Comment by dextorious

14 years ago

You keep using this word "spelling". I don't think it means what you think it means.

This is GRAMMAR checking, or at least grammar-assisted spell checking.

Very few, if any, shipping mainstream spelling correctors do that.

People want their documents (or queries) free of spelling errors. That is their pain and that is the challenge.

The example sentence has misspelled words, hence is within the domain of spell checking. This type of misspelled words are called "homonyms", which are one very common spelling problem. The academic terminology is uninteresting to most users, however.

Or if you mean to posit that "spell checking really means looking up if a word exists in a static dictionary of English", then yes, that's easy and solved, no argument there.

  • > The example sentence has misspelled words, hence is within the domain of spell checking.

    No, it doesn't . It is grammatically incorrect, but all the words are spelled correctly. You're definitely talking about a grammar checker, not a spelling checker.

    • If you were a teacher marking a student's paper, you would label those as spelling errors, not a grammar errors. The reason is that a different spelling of the words would create the intended sentence. No grammatical variation will do that (reorders, conjugating differently, etc).

      1 reply →

    • I understand this is a mismatch in terminology.

      In your view, "spelling check" is applied to individual words, to see if they appear in a fixed dictionary (see my other comment about difficulties with choosing this "correct" dictionary in reality, though). I can imagine this view is inviting for programmers, because it's easy to implement, but I doubt anyone else finds useful a definition that says there are no misspellings in "Their coming too sea if its reel."
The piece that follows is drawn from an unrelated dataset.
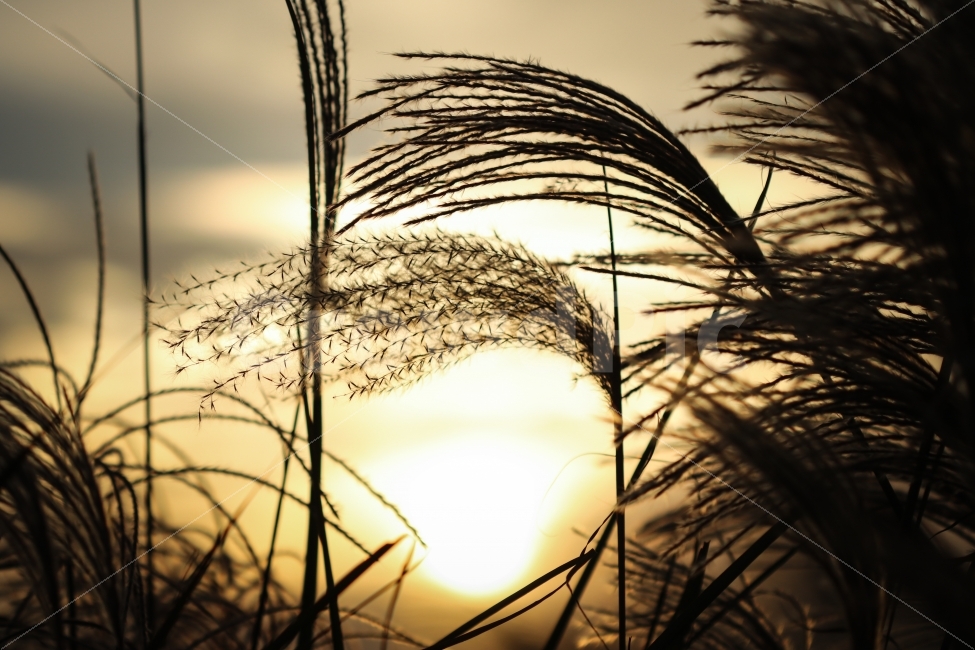억새,노을,황금,빛,역광,가을,가을,계절,fall,autumn,season,식물,자연,plants,nature,감성,sensible,feeling,grass,잔디,plant,lawn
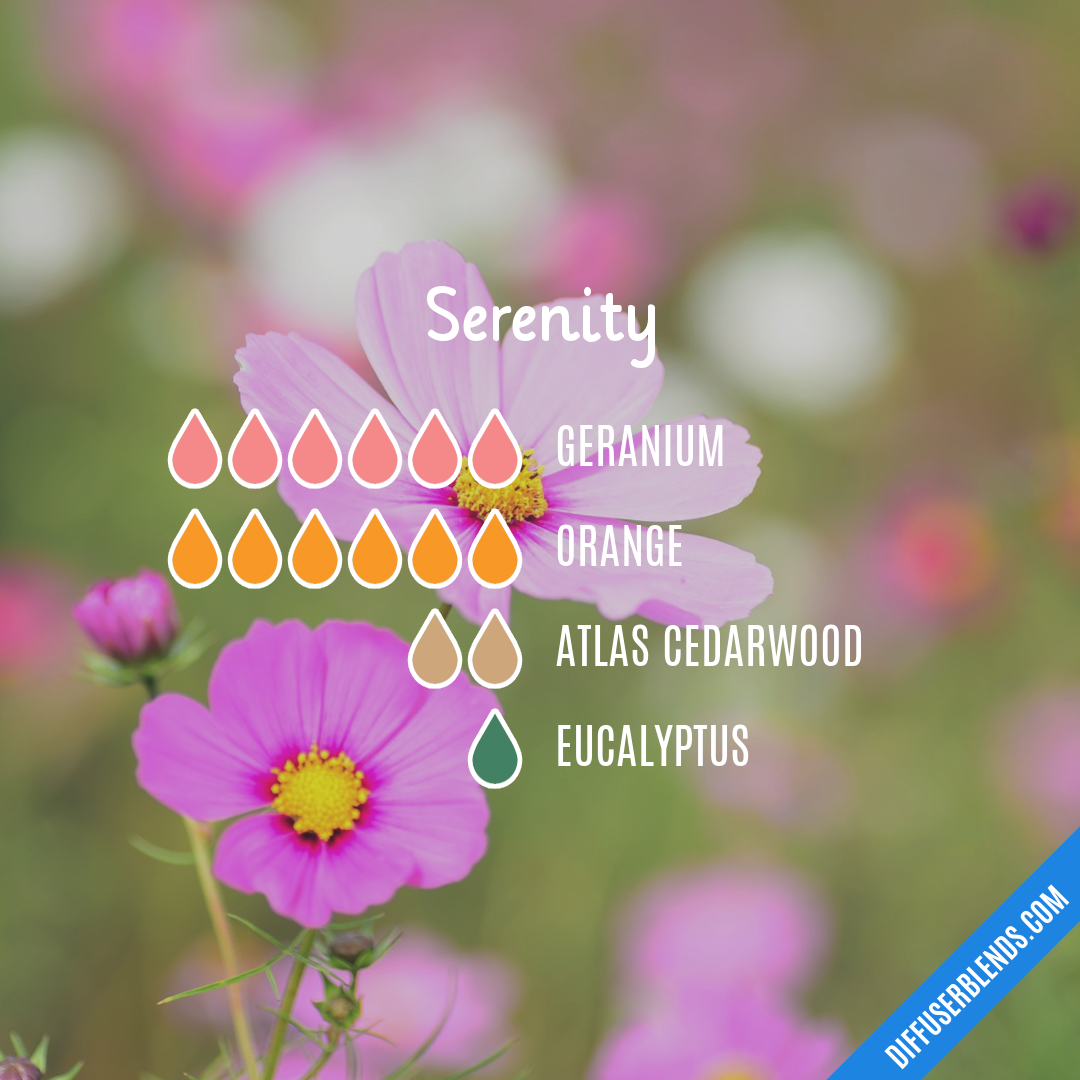 Serenity — Essential Oil Diffuser Blend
      In my view, "spell check" applies to utterances and roughly means "all words are spelled as per the norm of the language; I can send this document to my boss/customer and they won't laugh at my spelling." It is a more user-centric view, and more complex too, because it covers intent and norms, as opposed to the comforting lookup table for a few hand-picked strings. Modern spell checkers make heavy use of statistical analysis of large text corpora, to reasonably approximate context needed to model such intent.

      Once we agree on the terminology, I believe we are in agreement, so let's not split hairs. The "correctly spelled" sentence under question comes from the Wikipedia article on spell checking, by the way.

      3 replies →

    • The sentence contains misspelled words. The errors in those words happen to make them collide with other existing words. That doesn't change the category of the error.

      2 replies →

  • Hey, here's a chance to invent some new terminology!

    I would say that Norvig's corrector is a first-order spelling corrector, since it works within the context of a single word.

    A second-order corrector would take into account the word before or after it to choose the spelling that is more likely to make sense. ("Their coming" would suggest a correction to "They're coming")

    Third-, fourth-, (and so on) order expands the distance of words considered.

    • """("Their coming" would suggest a correction to "They're coming")'""

      How about: "Her relatives would visit us for Christmas. Their coming filled us with dread!"

      1 reply →

No, it's spell-checking. Use of the word "reel" in this sentence, for instance, is definitely a spelling error. There's no grammatically valid form of the word "real" spelled with two 'e's. The fact that "reel" happens to be a valid word doesn't mean that its presence in the sentence is due to a grammatical error - it's just an accidental collision.

That no spell checker might be able to catch this specific class of error doesn't change the type of error it is.